Musings on project management: The statistics of failure

Monday, October 20, 2014

The statistics of failure

The Ebola crises raises the issue of the statistics of failure. Suppose your project is to design the protocols for safe treatment of patients by health workers, or to design the haz-mat suits they wear -- what failure rate would you accept, and what would be your assumptions?

In my latest book, "Managing Project Value" (the green cover photo below), in Chapter 5: Judgment and Decision-making as Value Drivers, I take up the conjunctive and disjunctive risks in complex systems. Here's how I define these $10 words for project management:

Conjunctive: equivalent to AND. The risk everything will not work
Disjunctive: equivalent to OR. The risk that at least something will fail

Here's how to think about this:

Conjunctive: the risk that everything will work is way lower than the risk that any one thing will work.
Example: 25 things have to work for success; each has a 99.9 chance of working (1 failure per thousand). The chance that all 25 will work simultaneously (assuming they all operate independently): 0.999^25, or 0.975 (25 failures per thousand)
Disjunctive: the risk that at least one thing will fail is way more than the risk that any one thing will fail.
Example: 25 things have to work for success; each has 1 chance in a thousand of failing, 0.001. The chance that there will be at least one failure among all 25 is 0.024, or 24 chances in a thousand.*

So, whether you come at it conjunctively or disjunctively, you get about the same answer: Complex systems are way more vulnerable than any one of their parts. So... to get really good system reliability, you have to nearly perfect with every component.
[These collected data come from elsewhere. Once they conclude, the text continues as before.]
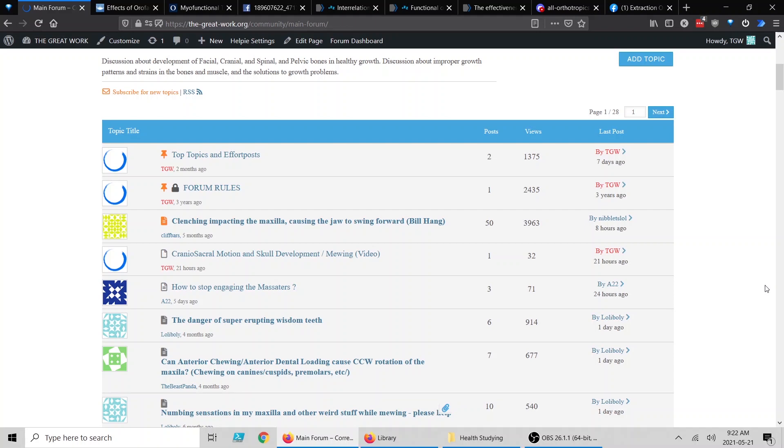These studies could be related to mewing, myofunctional therapy, posture, appliances and devices used for correction, hormonal studies, or diet—essentially anything related to correction of the skull, spine, and body in general. But we'll try to stay laser focused on correction of the skull, the jaws, and the spine as much as possible, because I think most of the other issues stem from this issue.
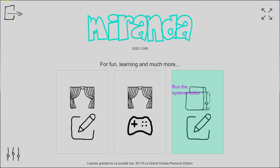Welcome to this presentation of Miranda, the new Robotex simulation software.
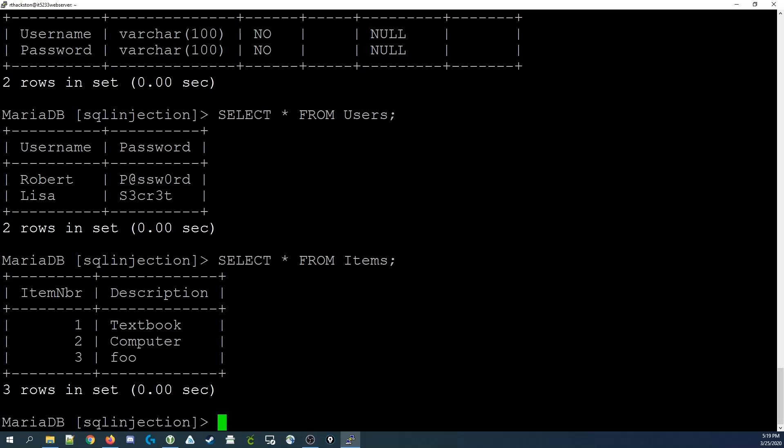Let's begin by looking at the query that we executed in the last video: SELECT * FROM ITEMS. You can see that it displayed all the fields — item number and description — and all the rows, rows 1, 2, and 3.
Introduce the human factor

So, now we come to the juncture of humans and systems. Suffice to say humans don't work to a 3-9's reliability. Thus, we need security in depth. If an operator blows through one safe guard, there's another one to catch it.
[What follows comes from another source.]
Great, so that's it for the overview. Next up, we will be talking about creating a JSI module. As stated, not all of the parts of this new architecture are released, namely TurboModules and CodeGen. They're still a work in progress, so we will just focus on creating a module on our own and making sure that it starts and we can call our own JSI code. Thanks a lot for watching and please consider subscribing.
John Villasenor has a very thoughtful post (and, no math!) on this very point: "Statistics Lessons: Why blaming health care workers who get Ebola is wrong". His point: hey, it isn't all going to work all the time! Didn't we know that? We should, of course.

Dr Villasenor writes:

... blaming health workers who contract Ebola sidesteps the statistical elephant in the room: The protocol ... appears not to recognize the probabilities involved as the number of contacts between health workers and Ebola patients continues to grow.
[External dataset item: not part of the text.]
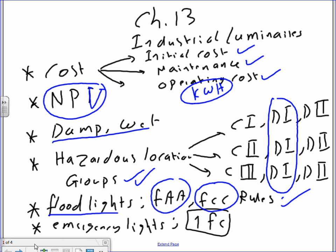That's all for Chapter 13. To summarize: pay attention to initial cost, operating cost, and maintenance cost — together these give you NPV, which decides if a fixture is a good choice. Fixtures in damp or wet locations must be rated for those conditions. Fixtures in hazardous locations must be rated for those classified locations. Floodlights on tall towers require attention to FAA and FCC rules. Emergency lights must maintain one foot-candle average for the egress path, and don't forget exit signs on all egress exits.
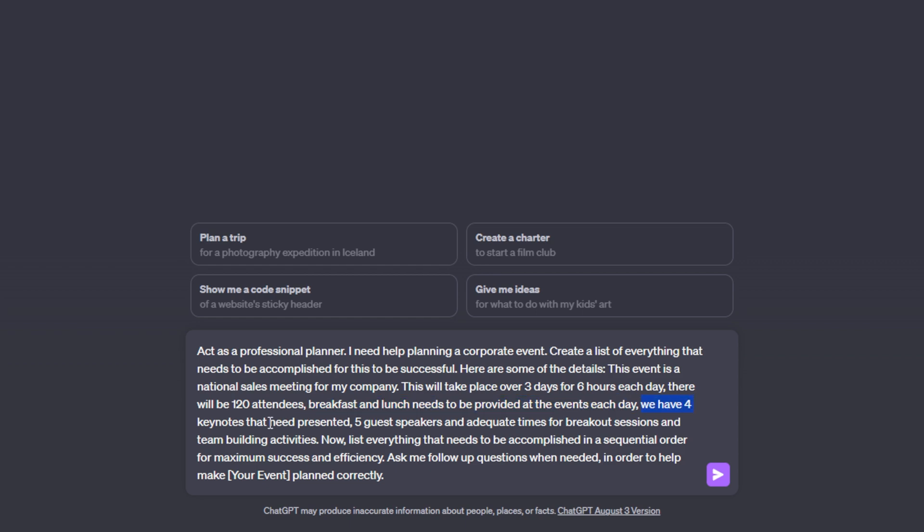We have four keynotes that need presented, five guest speakers, and adequate times for breakout sessions and team building activities. So this is all of my event details and it's very important to be as specific as possible when telling ChatGPT everything that you know in order to get the best planning advice for your situation.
This is because if you do something once that has a very low probability of a very negative consequence, your risks of harm are low. But if you repeat that activity many times, the laws of probability ... will eventually catch up with you.

And, Villasenor writes in another related posting about what lessons we can learn about critical infrastructure security. He posits:

We're way out balance on how much information we collect and who can possibly use it effectively; indeed, the information overload may damage decision making
Moving directly to blame the human element often takes latent system issues off the table
Infrastructure vulnerabilities arise from accidents as well as premeditated threats
The human element is vitally important to making complex systems work properly
Complex systems can fail when the assumptions of users and designers are mismatched

That last one screams for the imbedded user during development --

*For those interested in the details, this issue is governed by the binominal distribution which tells us how to select or evaluate one or more events among many events. You can do a binominal on a spreadsheet with the binominal formula relatively easily.